The problem, conversely, with the “Democrats are weak” argument is simple. It’s a hard argument to sell when it is widely known that the Democratic president ordered in the Navy SEAL team that killed Osama bin Laden. This would be the same bin Laden, as is also widely known, who eluded President Obama’s Republican predecessor for nearly eight years.
Yes, I know that the right goes apoplectic anytime anyone says “Obama Got Osama,” but it is a fact. He who makes the call gets the credit, as inevitably would have happened had President Bush succeeded in getting bin Laden. The SEAL team went in on the president’s orders, as a result of the intelligence that the president’s team gathered. The SEALs could not have carried out the operation without the president’s order. It was a highly risky operation that included violating the sovereignty of a supposed U.S. ally, Pakistan, and if it had failed, does anyone doubt that it would have destroyed Obama politically? (I think it is clear that same people who refuse to give him any credit for the mission’s success would not have waited half a second to blame him if it had failed.)
To order the mission, against the advice of his own vice president and some other key advisers, took real guts on the president’s part (and of course, it must be said, spectacular courage and great work by the SEALs, who obviously bore far greater risk than the commander-in-chief did).

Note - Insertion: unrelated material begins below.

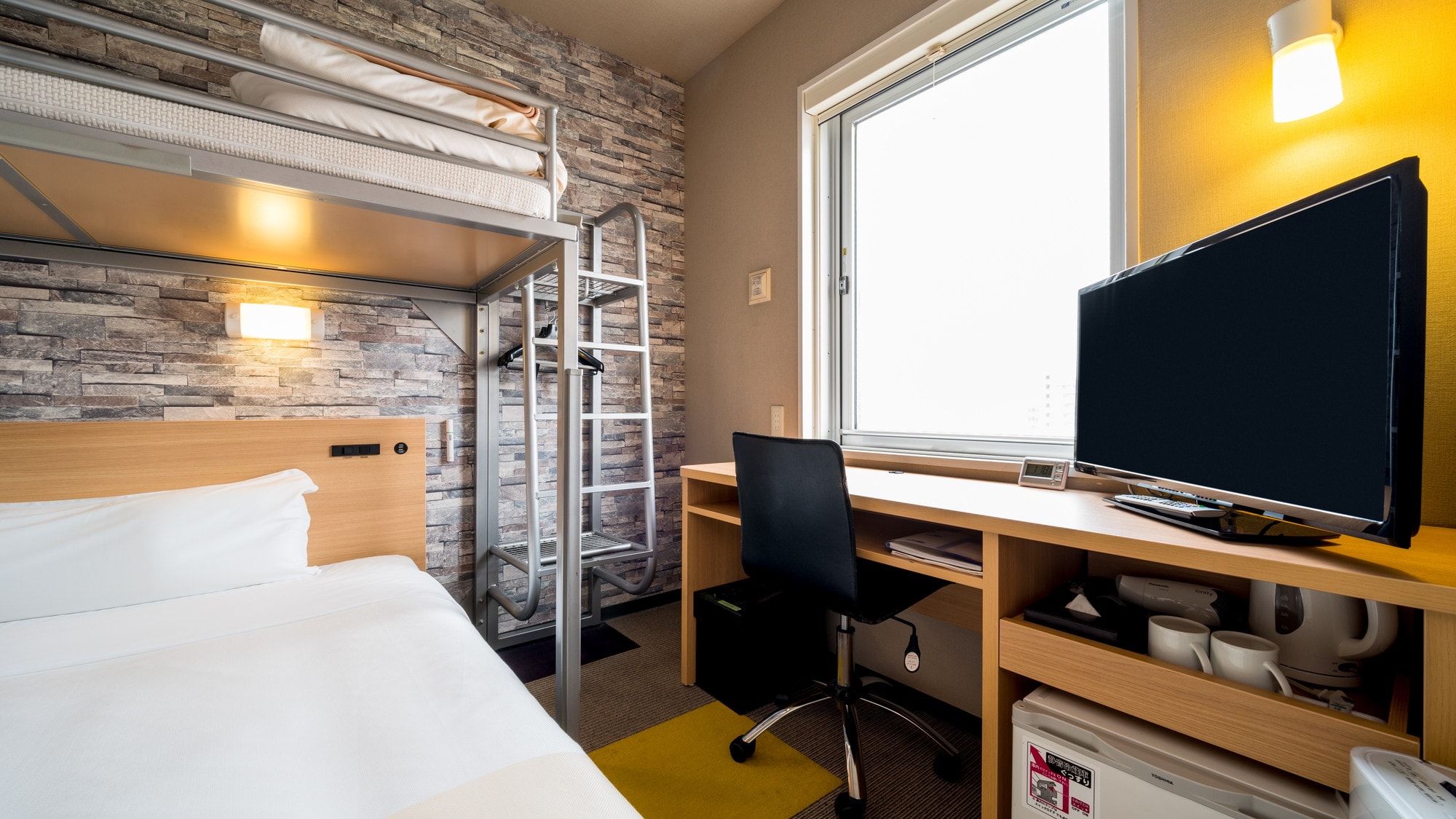 Khu vực gác xép cũng có thể được sử dụng để lưu trữ hành lý.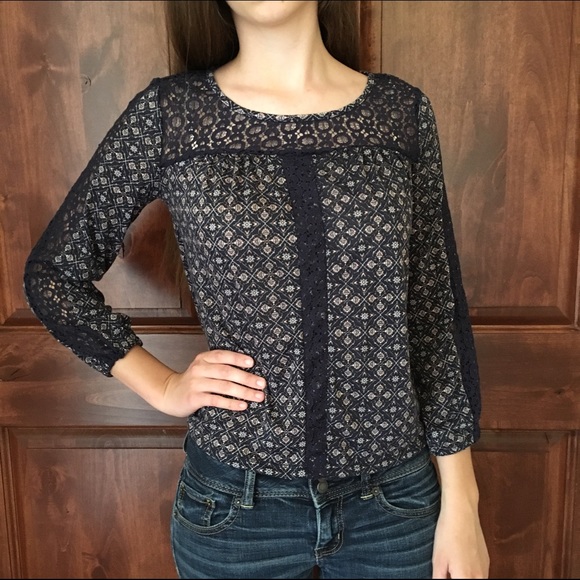 Causal three quarters length sleeve top - Picture 1 of 2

The mission that killed bin Laden is emblematic of the calm, cool and effective overseas policies of the president. Does anyone remember how he sent in special forces, early in his term, to kill the Somali pirates who had hijacked an American vessel? Or how our quiet leadership in the Libyan civil war resulted in the overthrow of longtime terrorist supporter Moammar Qaddafi?
These three missions all had two very important things in common: 1) they all succeeded and 2) not a single American lost his or her life as a result of any of these operations. If these are the results of a president’s supposed weakness in his usage of American military might, what exactly does it take to be considered strong?
The fact is, the Obama approach to foreign policy and his wise usage of our military—pinpointed, targeted special forces strikes as opposed to massive, scattershot overreactions with heavy losses of life—demonstrates that a cool hand is more effective than a hot head. And people generally know the difference. A measured (one might even call it “conservative”) approach that accomplishes the mission and prevents needless deaths is the smart move. It might not be very satisfying to those who want to go in with guns blazing to make a point. But it’s safe to say that the SEAL team mission to Pakistan made a much greater—and certainly more final—impression on Osama bin Laden than our invasion of Iraq did.
You know, I found it really amusing that the Republicans turned to Clint Eastwood at their recent convention in Tampa. While Clint has always been a tremendous actor and now a spectacular director, the fact is that the composed, cool and deadly upholder of justice he played in the Dirty Harry movies was just a role.
If you want to see a real-life Dirty Harry—the clear-headed enforcer who tracks down the bad guys and ensures they get what’s coming to them—you can find him most days at 1600 Pennsylvania Avenue in Washington, D.C.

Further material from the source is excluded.